Verizon must continue delivering phone books for now

Company wants to eliminate residential white pages

— CUMBERLAND — The Maryland Public Service Commission has denied Verizon’s request to stop distributing residential white pages.

The commission met with Verizon representatives on Dec. 8 as part of the telephone company’s proposal to stop distributing residential white pages in all of the 12 states where it operates land line telephone service. The PSC sent a letter to Verizon on Dec. 10 disapproving the request for Maryland.

For further consideration of the matter, the commission requested that Verizon provide proof that customers generally don’t use paper copies of the white pages directory, but instead often refer to various alternatives to find residential listings. The commission also expressed concerns regarding customer notification of the change and requested that Verizon provide a revised educational proposal.

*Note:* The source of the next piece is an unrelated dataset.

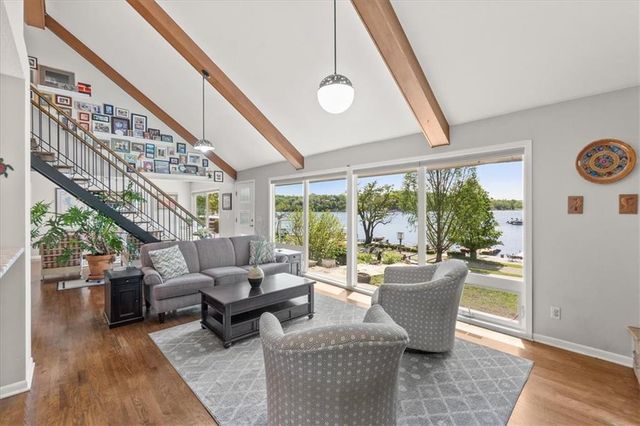 128 W Lakeshore Drive, Lake Quivira, KS 66217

“We believe we presented a thorough customer notification plan to the commission — a plan that would include notices in white pages directories that will continue to be delivered, quarterly bill inserts and press releases that will be issued to media outlets throughout Maryland,” said Sandra Arnette of Verizon public relations. “In response to the commission’s comments, we will consider other options as well to inform customers.”    

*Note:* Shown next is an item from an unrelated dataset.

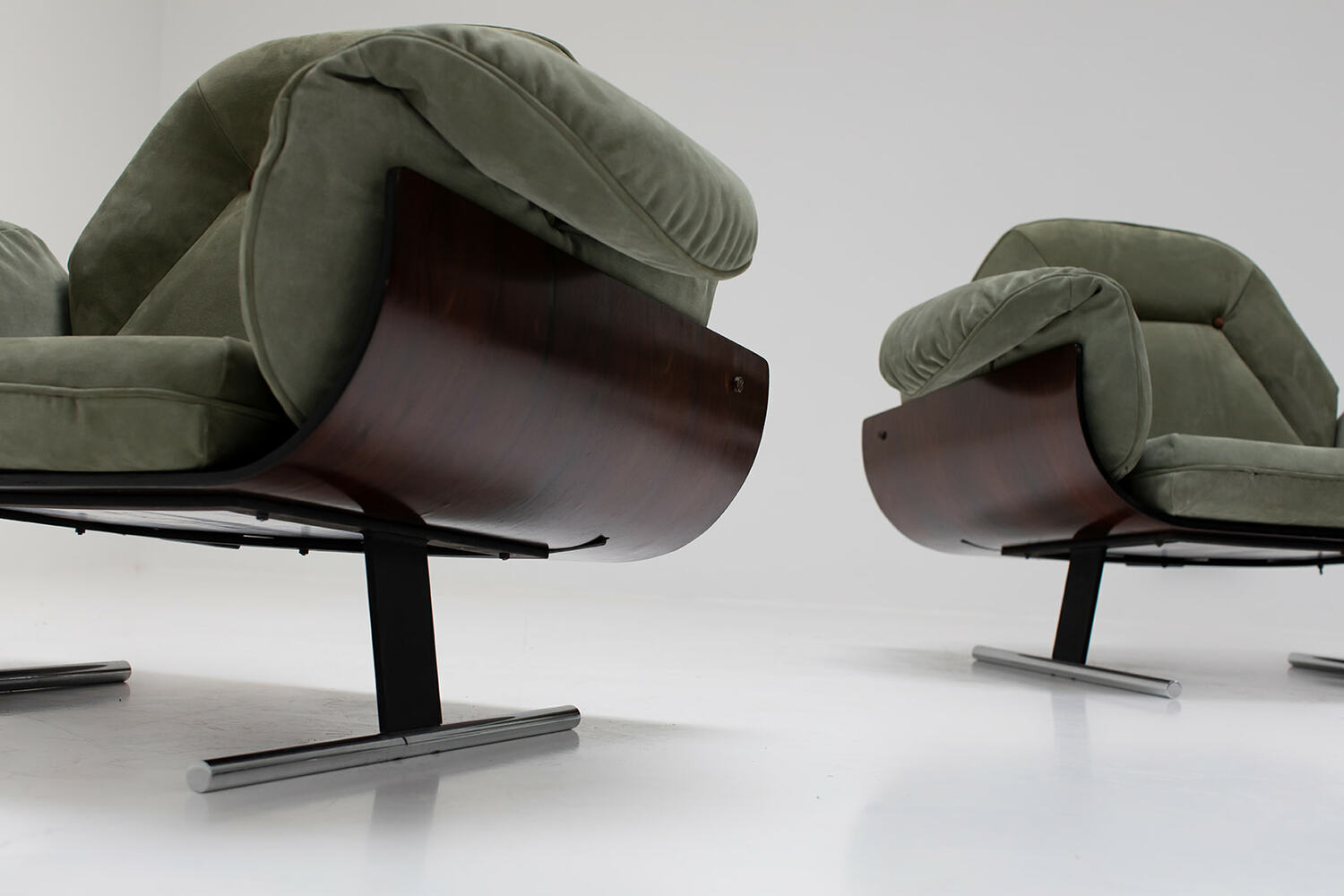 Jorge Zalszupin 'Presidencial' lounge chairs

According to Arnette, any customer who wants a paper copy of the directory can get one free of charge by simply calling SuperMedia at 800-888-8448.

“For now, it will be business as usual. We will continue our normal cycle of delivering the white pages directory while examining our potential next steps with the commission,” said Arnette, who was not sure of the time frame for resubmitting a proposal.

Verizon’s request for eliminating the paper form of residental white pages stems from consumers’ evolving preferences, alternatives for obtaining land line phone listings and the environmental impact.

 “If Verizon ultimately is able to move ahead with its plan for the white pages in Maryland, over 2,000 tons of paper would be saved each year  — much of which ends up in landfills today,” said Arnette.

States that will no longer carry the residential white pages include Pennsylvania, New York, New Jersey, Delaware and Florida.